Observation: Linus (5513384) has a Huawei and his GW suddenly stopped reading. Upon SSHing in, all containers seemed to be running.

While ssh in the device and in venv, we could not get a response from the inverter. resp was of type ModbusIOException.

Would be interesting to see if the server would respond to http requests while in this state.

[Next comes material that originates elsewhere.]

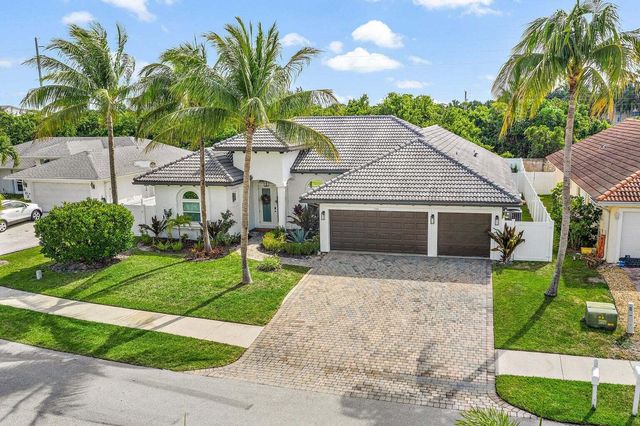 596 N Cypress Drive, Tequesta, FL 33469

h0bb3 commented 7 months ago

I think #31 is a part of this.

h0bb3 commented 5 months ago

Only wierd thing that happened during this sprint was the test eGW that had very poor wifi connection and did not manage to update properly and semed to get stuck... also the HOST_IP was reported as NULL for some reason.

Poor connectivity is something to look out for and could cause a lot of problems, especially when updating

h0bb3 commented 5 months ago

One eGW (01239d34ba0bb9a601) that just stopped restart fixed it. Nothing strange in the logs. Should have tried to get a response but forgot and just restarted.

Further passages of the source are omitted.